What needs to be done: Keeping pictures out of the copy, restate each record word for word.

(Records contained in a dataset)
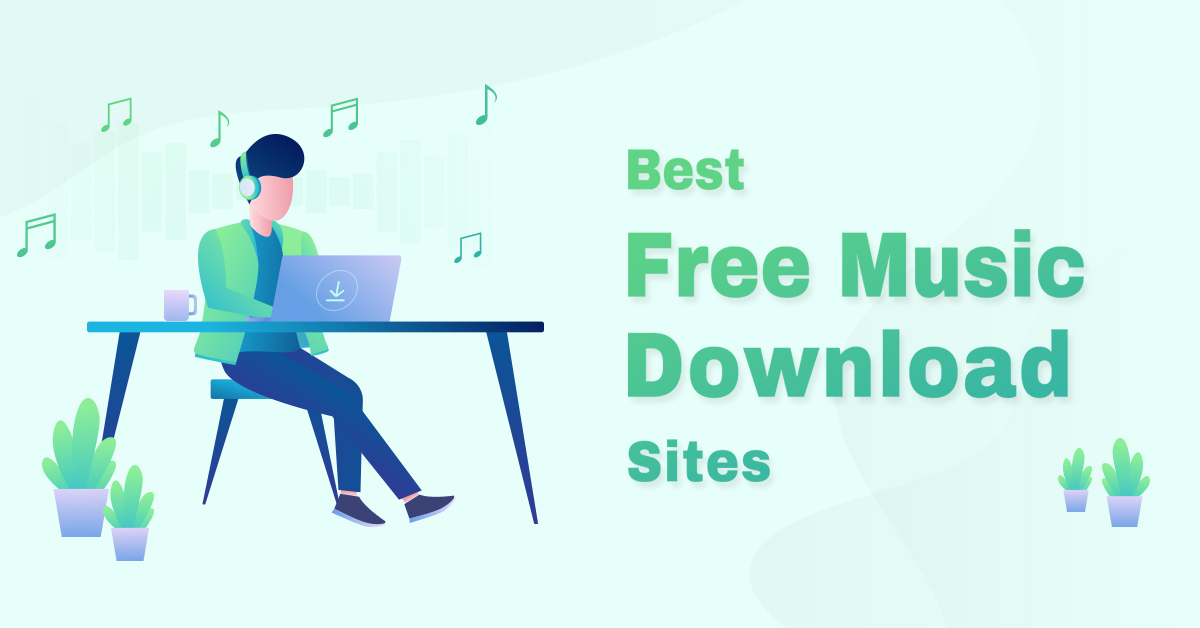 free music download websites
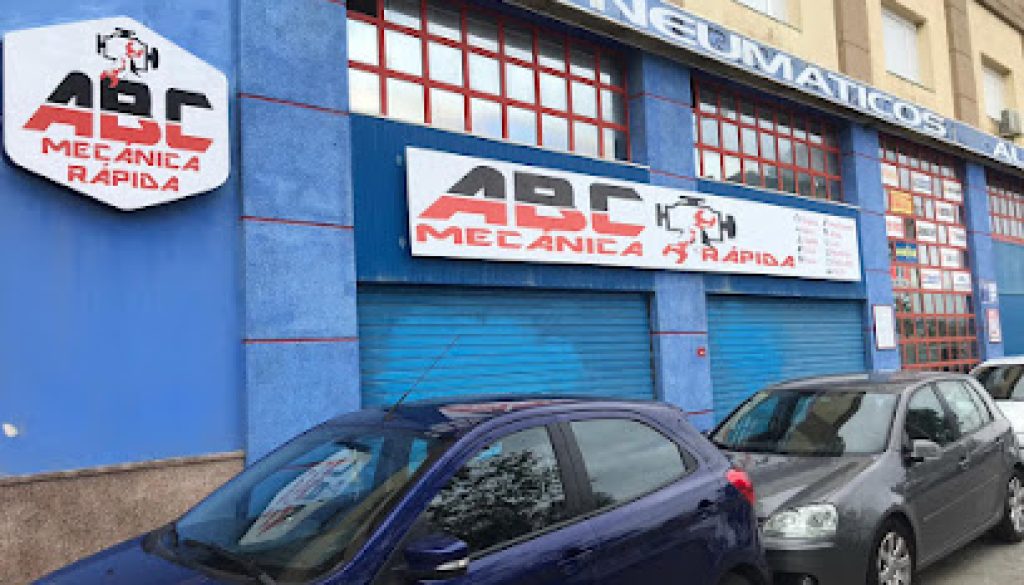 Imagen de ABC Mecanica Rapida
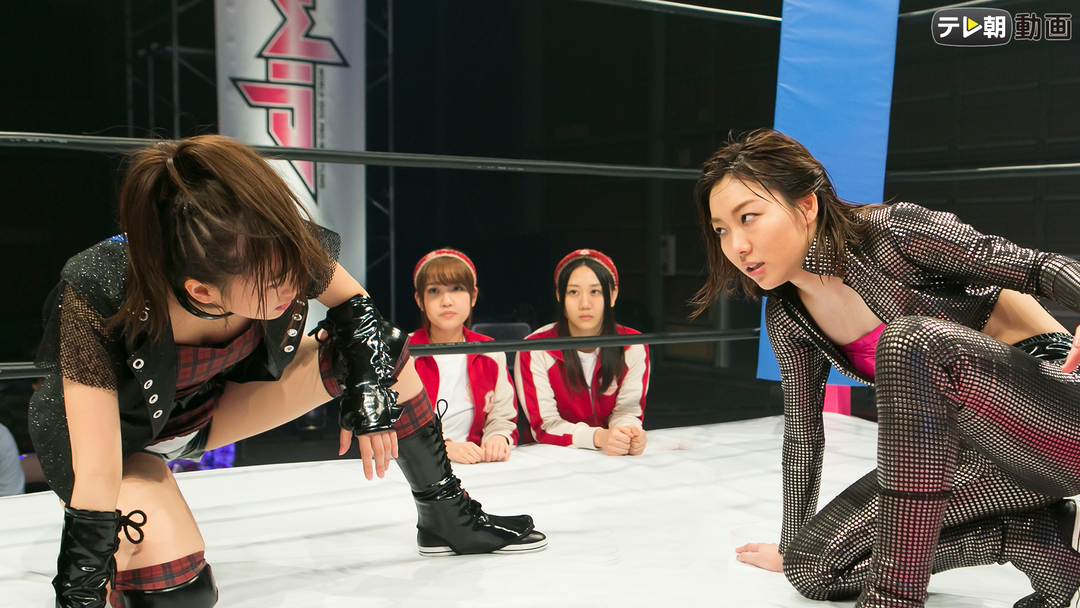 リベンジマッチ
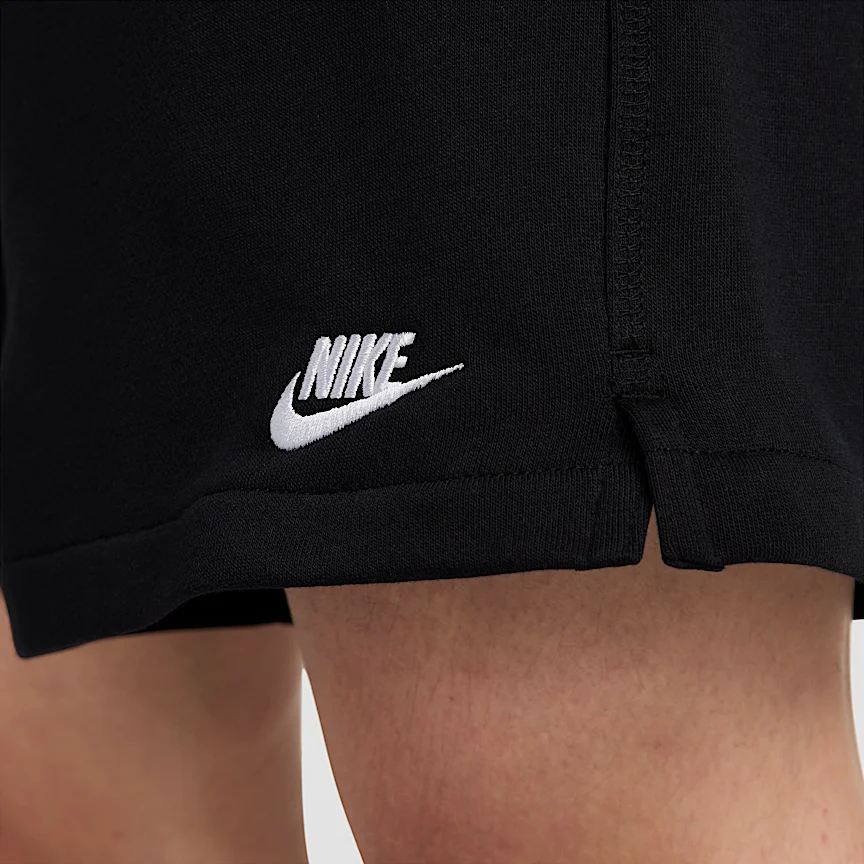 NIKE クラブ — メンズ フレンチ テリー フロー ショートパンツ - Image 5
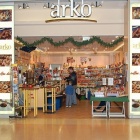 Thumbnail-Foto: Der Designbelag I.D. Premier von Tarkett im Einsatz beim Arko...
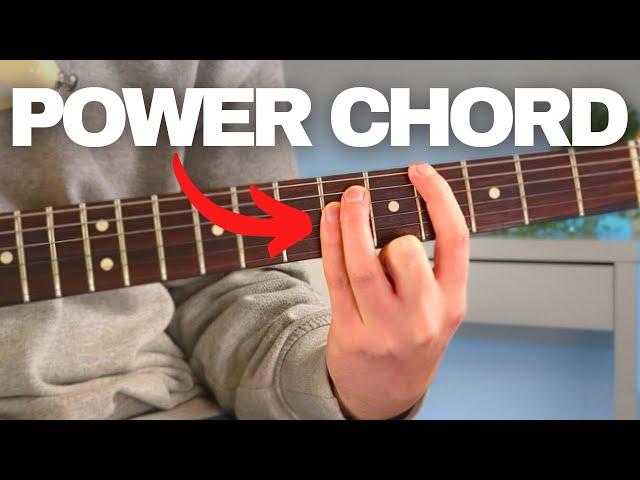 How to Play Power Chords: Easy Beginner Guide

Task answer:
 free music download websites
 Imagen de ABC Mecanica Rapida
 リベンジマッチ
 NIKE クラブ — メンズ フレンチ テリー フロー ショートパンツ - Image 5
 Thumbnail-Foto: Der Designbelag I.D. Premier von Tarkett im Einsatz beim Arko...
 How to Play Power Chords: Easy Beginner Guide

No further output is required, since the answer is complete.